We failed to recognize that people are gifted equally different. That is, everyone has something they’re good at and they start to realize it at different times/stages of their lives, some might require them to face a certain challenge before they discover their true selves.
For starter, having just Art, Science and Commerce to choose from are limiting on its own but it’s what we have. Further, the way we judge who should not and who should be in these departments is unsatisfactory and doesn’t do justice to what the student actually wants.
Students who are book-smart but don’t like science don’t want to be seen as less important so they end up choosing science. The efforts emphasized on science should be channelled to art and commerce so if a straight-A student in junior school choose a class other than science when in senior school (s)he would not be seen as a waste of brainpower.
Big respect to Mary Omole who was the over-all best student in Junior School and was tortured by teachers to joined science class but didn’t give in but followed her heart of becoming a charted accountant. Her resilient spirit has been finally appreciated.

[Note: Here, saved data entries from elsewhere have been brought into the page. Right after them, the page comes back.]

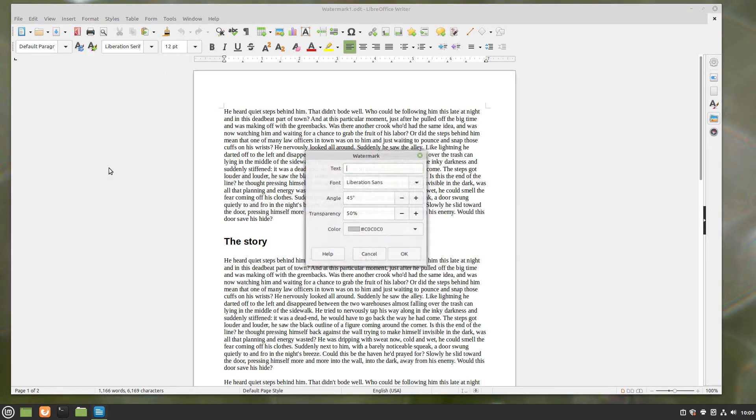Clicking this will launch a dialog and you simply write your text in the text field in the dialog.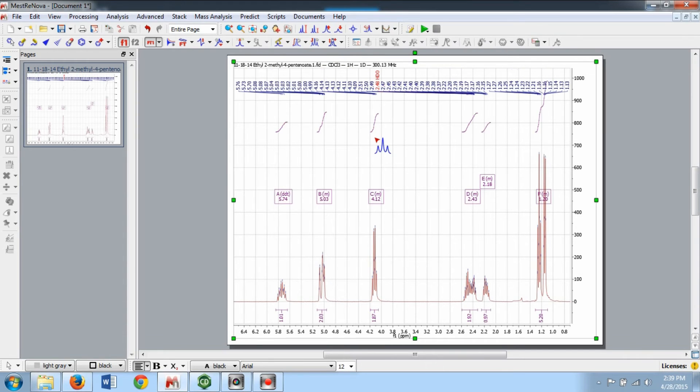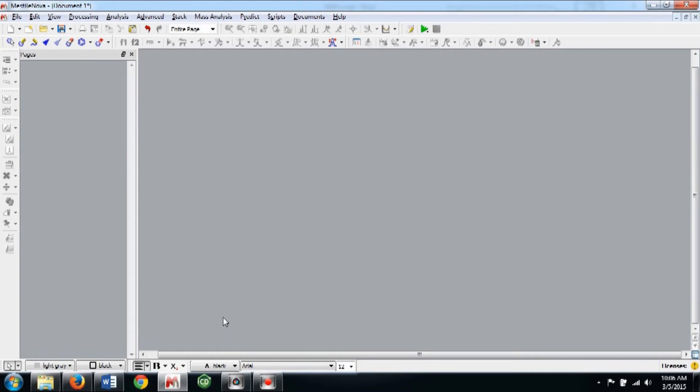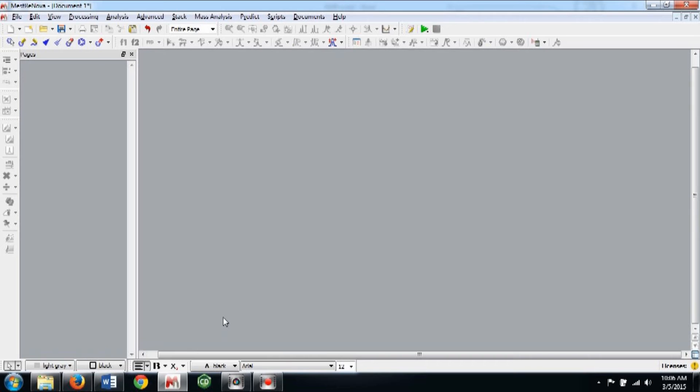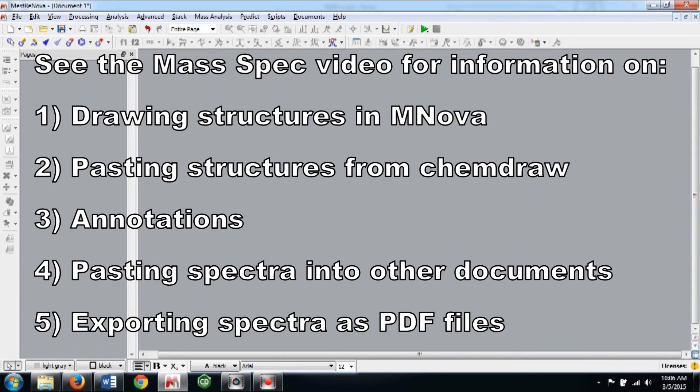Additionally, if you've already picked peaks, the Auto Analysis will only be done on the peaks that you've selected. As mentioned in the MassSpec tutorial video, MestreNova is a very powerful program and there are many tools you can use to make data analysis easy. This section demonstrates a few extra tools that you may be able to utilize and you are encouraged to explore all of MNOVA's capabilities on your own.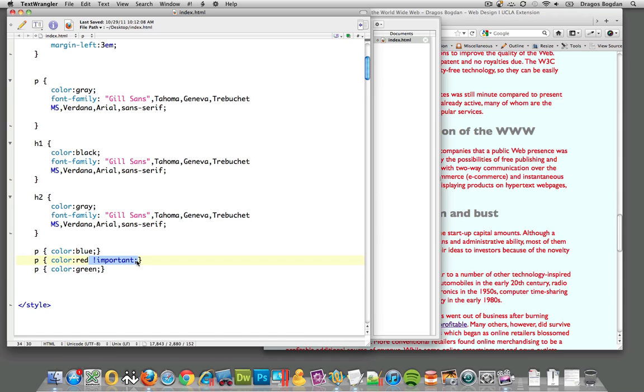Sometimes you define something and the effect doesn't actually happen in the rendered CSS. Oftentimes, when I'm working and trying to figure out what's going on, I'll add the important declaration to make sure I'm actually targeting the right thing.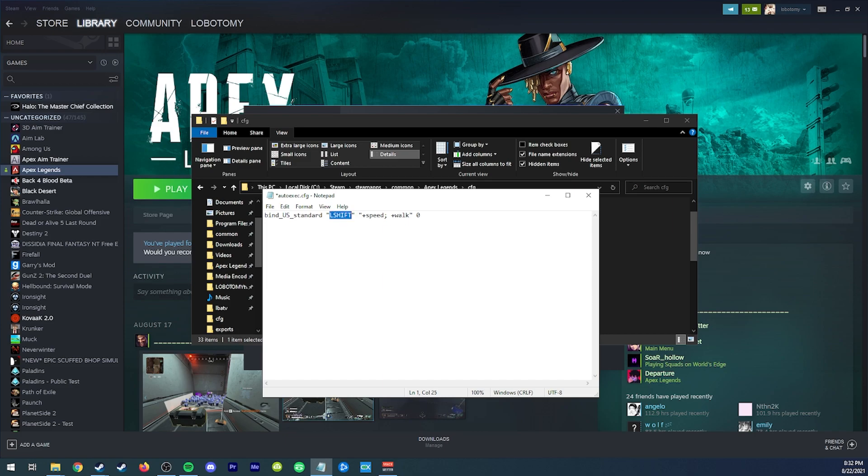Or if you want to do like left control, be like that. And this plus speed command, that means that it will also toggle your zoom levels.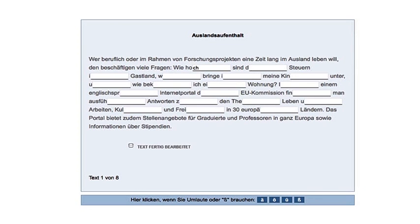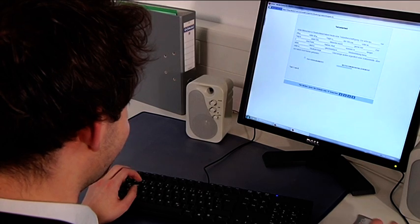Now do the cloze test. There are 8 exercises. You have up to 40 minutes for this.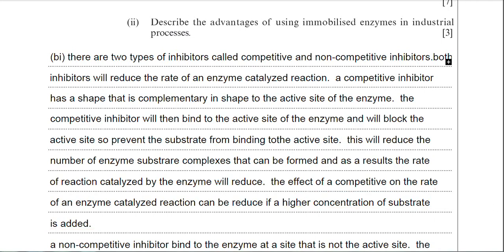I've just noticed I actually missed out the word 'inhibitor' — I've got 'competitive' but not 'inhibitor'. Try not to do that in an exam; don't rush, take your time. It should still be clear we're talking about the competitive inhibitor, but missing out words like that could potentially lose you marks.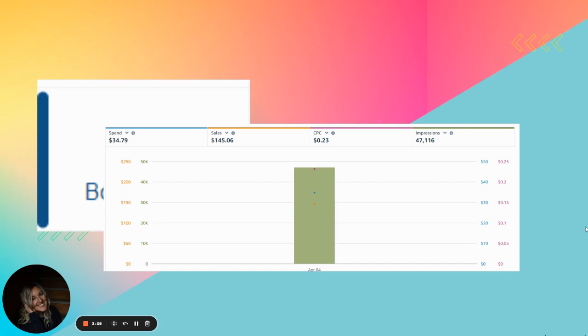I might even have a coupon code. I'll look. But that alone is worth it to be able to figure out the keywords that you can rank for that no one else even cares about. Like if they cared about it, they'd be running ads to it. Right? So that's the cool thing is like, let's care about keywords.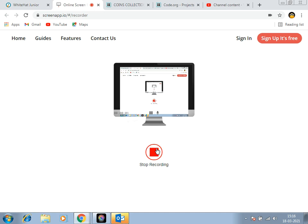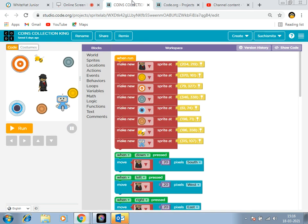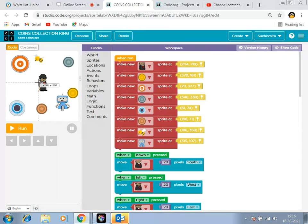Good evening friends. Welcome back to my channel. Today I have created a coins collecting game in which there is a man and he likes to collect coins.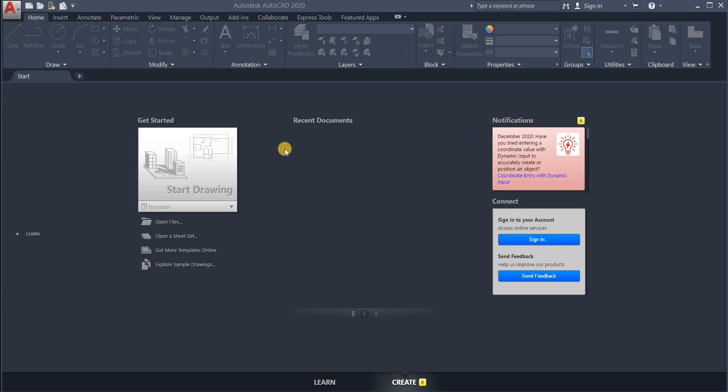AutoCAD is a computer-aided design and drafting software application which is developed by the company Autodesk, hence the name AutoCAD. AutoCAD allows you to draw and edit digital 2D and 3D designs more quickly and easily.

Many may feel art and commerce have lesser monetary value and scare jobs opportunities but Nigeria is a diverse country with different cultures and traditions, art – like it is already been done in the entertainment sector but largely driven by private endeavours – would thrive if it’s given the same attention given to science.
I go to a science-specified University, the Federal University of Technology, Owerri. They’re non for art or commerce. Why can’t there be a Federal University of Art, Owerri? or a Federal University of Commerce, Owerri? Could it be it’s just not considered important knowing fully well art is rooted in Nigeria’s culture?